DATASET SECTION >>

________________

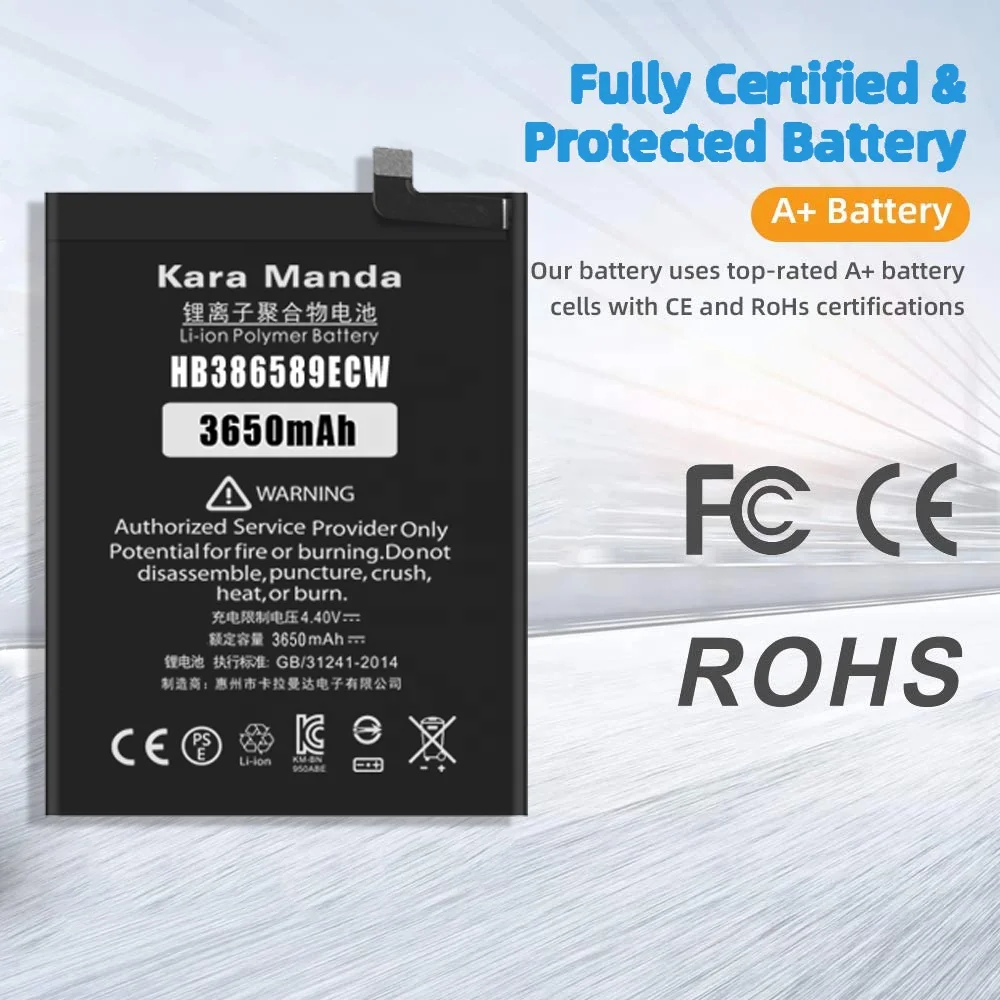 Wholesale Custom Cell Phone li-Polymer Battery HB386589ECW Battery Replacement for Huawei Battery Nova3/Nova4/ P10Plus/ Honor8X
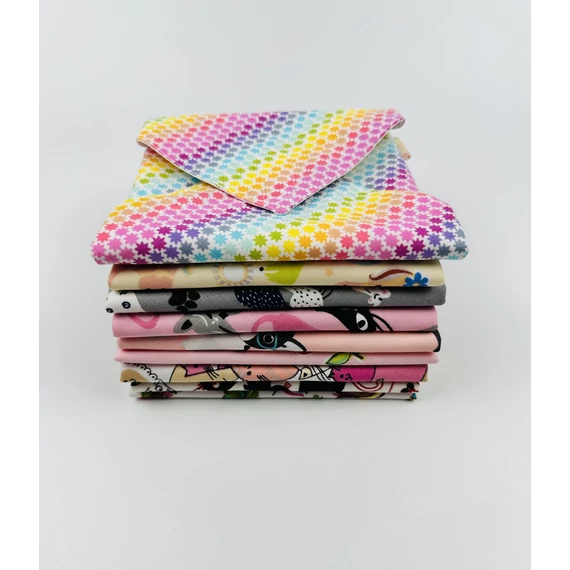 Textil újraszalvéta, szendvics csomagoló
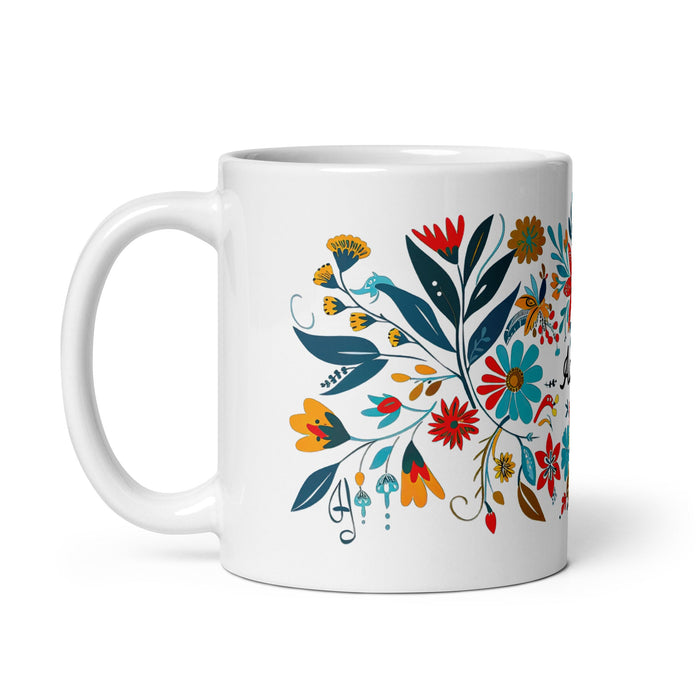 Adán Exclusive Name Art Piece Home Office Work Coffee Mug Mexican Spanish Pride Gift Cup One - Of - A - Kind Calligraphy White Glossy Mug | A19 - Mexicada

________________

PROBLEM STATEMENT >> Except for the pictures, write the data out exactly.

SOLVED EXERCISE >>
 Wholesale Custom Cell Phone li-Polymer Battery HB386589ECW Battery Replacement for Huawei Battery Nova3/Nova4/ P10Plus/ Honor8X
 Textil újraszalvéta, szendvics csomagoló
 Adán Exclusive Name Art Piece Home Office Work Coffee Mug Mexican Spanish Pride Gift Cup One - Of - A - Kind Calligraphy White Glossy Mug | A19 - Mexicada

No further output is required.